Question

Simplify:
${{x}^{2}}+{{z}^{2}}-2xz$

Answer 1

Recall the identity: ${{(a\pm b)}^{2}}={{a}^{2}}\pm 2ab+{{b}^{2}}$ .
In order to factorize a quadratic expression, Split the term consisting of the product of the variables, $-2xz$ in this case, into a sum of two terms whose product is equal to the product of the remaining two terms ${{x}^{2}}{{z}^{2}}$.
Separate the common factors from both the pairs of terms.

Complete step-by-step answer:
The given expression ${{x}^{2}}+{{z}^{2}}-2xz$ is a quadratic expression.
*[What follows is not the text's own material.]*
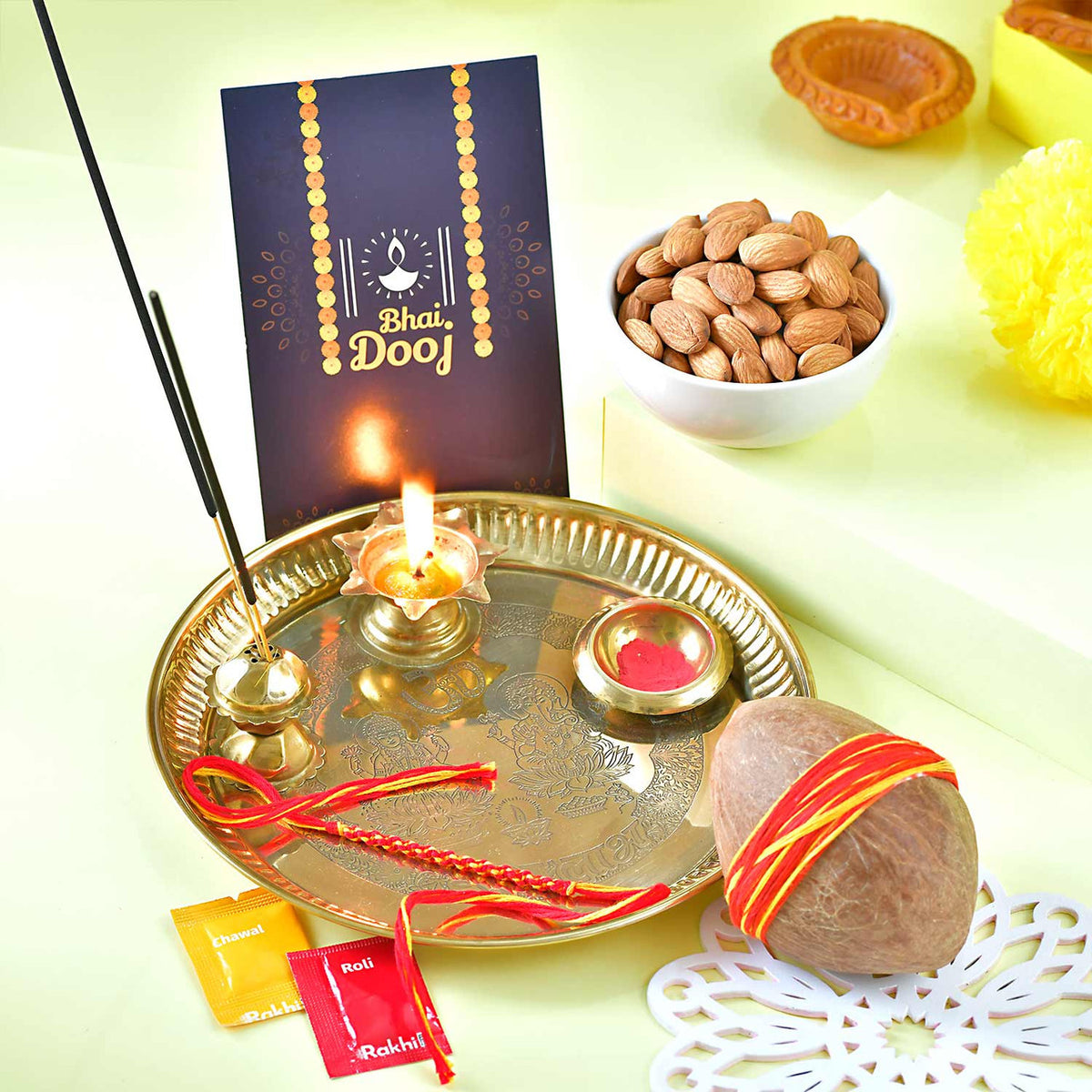 Bhaidooj Brass Pooja Thali Gift Hamper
Let us split its term $-2xz$ into $-xz$ and $-xz$ , such that their product is equal to ${{x}^{2}}{{z}^{2}}$ , the product of the other two terms.
∴ ${{x}^{2}}+{{z}^{2}}-2xz$
= ${{x}^{2}}-xz-xz+{{z}^{2}}$
Separating the common factors from the first two and the last two terms, we get:
= $x(x-z)-z(x-z)$
Separating the common factor $(x-z)$ from both the terms, we get:
= $(x-z)(x-z)$
Which can be written as:
= ${{(x-z)}^{2}}$ , which is the required simplification.

Note: It is not always possible to simplify a given expression.
e.g. ${{a}^{2}}+{{b}^{2}}+3ab$
Some useful algebraic identities:
${{(a-b)}^{2}}={{(b-a)}^{2}}$
$(a+b)(a-b)={{a}^{2}}-{{b}^{2}}$
${{(a\pm b)}^{2}}={{a}^{2}}\pm 2ab+{{b}^{2}}$
${{(a\pm b)}^{3}}={{a}^{3}}\pm 3ab(a\pm b)\pm {{b}^{3}}$
$(a\pm b)({{a}^{2}}\mp ab+{{b}^{2}})={{a}^{3}}\pm {{b}^{3}}$